■ Task item
Each record below is to be copied word for word, with pictures removed.

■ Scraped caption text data
'''

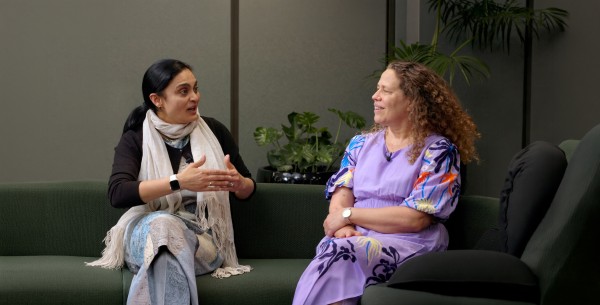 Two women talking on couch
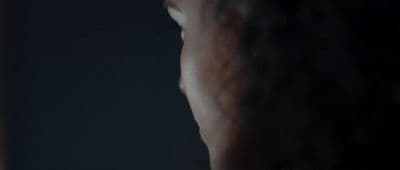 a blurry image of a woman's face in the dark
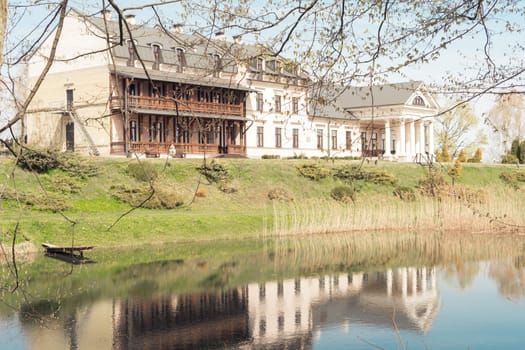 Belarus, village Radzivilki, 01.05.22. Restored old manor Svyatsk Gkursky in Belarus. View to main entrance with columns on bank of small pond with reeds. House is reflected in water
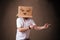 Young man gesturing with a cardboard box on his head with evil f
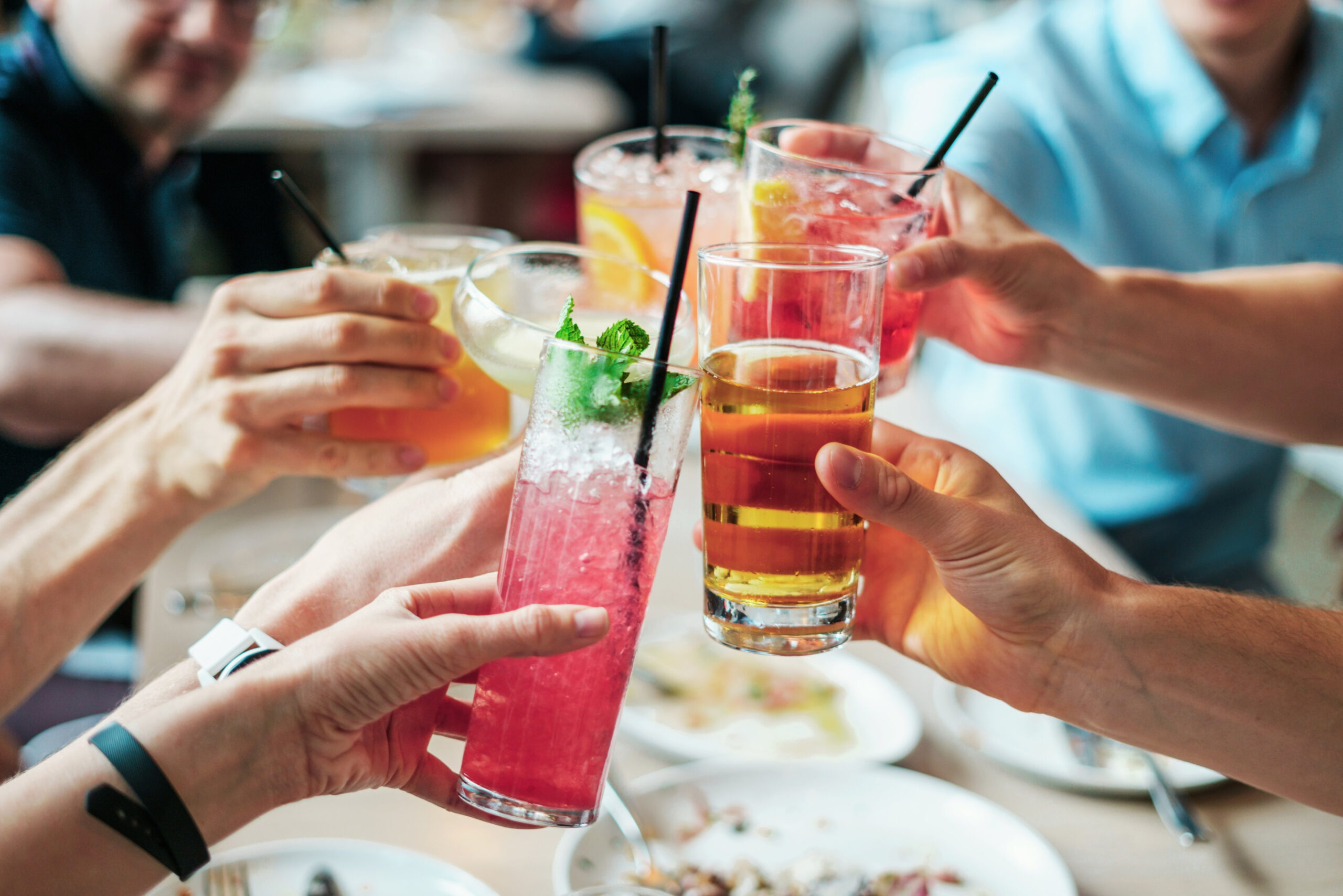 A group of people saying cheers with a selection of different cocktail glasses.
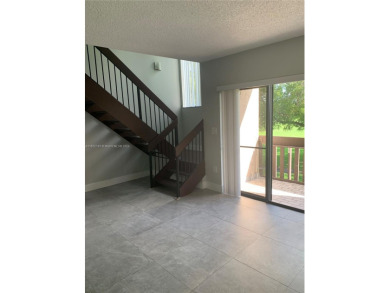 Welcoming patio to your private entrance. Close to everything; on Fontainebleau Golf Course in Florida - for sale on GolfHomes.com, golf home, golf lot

'''

■ Answer area
 Two women talking on couch
 a blurry image of a woman's face in the dark
 Belarus, village Radzivilki, 01.05.22. Restored old manor Svyatsk Gkursky in Belarus. View to main entrance with columns on bank of small pond with reeds. House is reflected in water
 Young man gesturing with a cardboard box on his head with evil f
 A group of people saying cheers with a selection of different cocktail glasses.
 Welcoming patio to your private entrance. Close to everything; on Fontainebleau Golf Course in Florida - for sale on GolfHomes.com, golf home, golf lot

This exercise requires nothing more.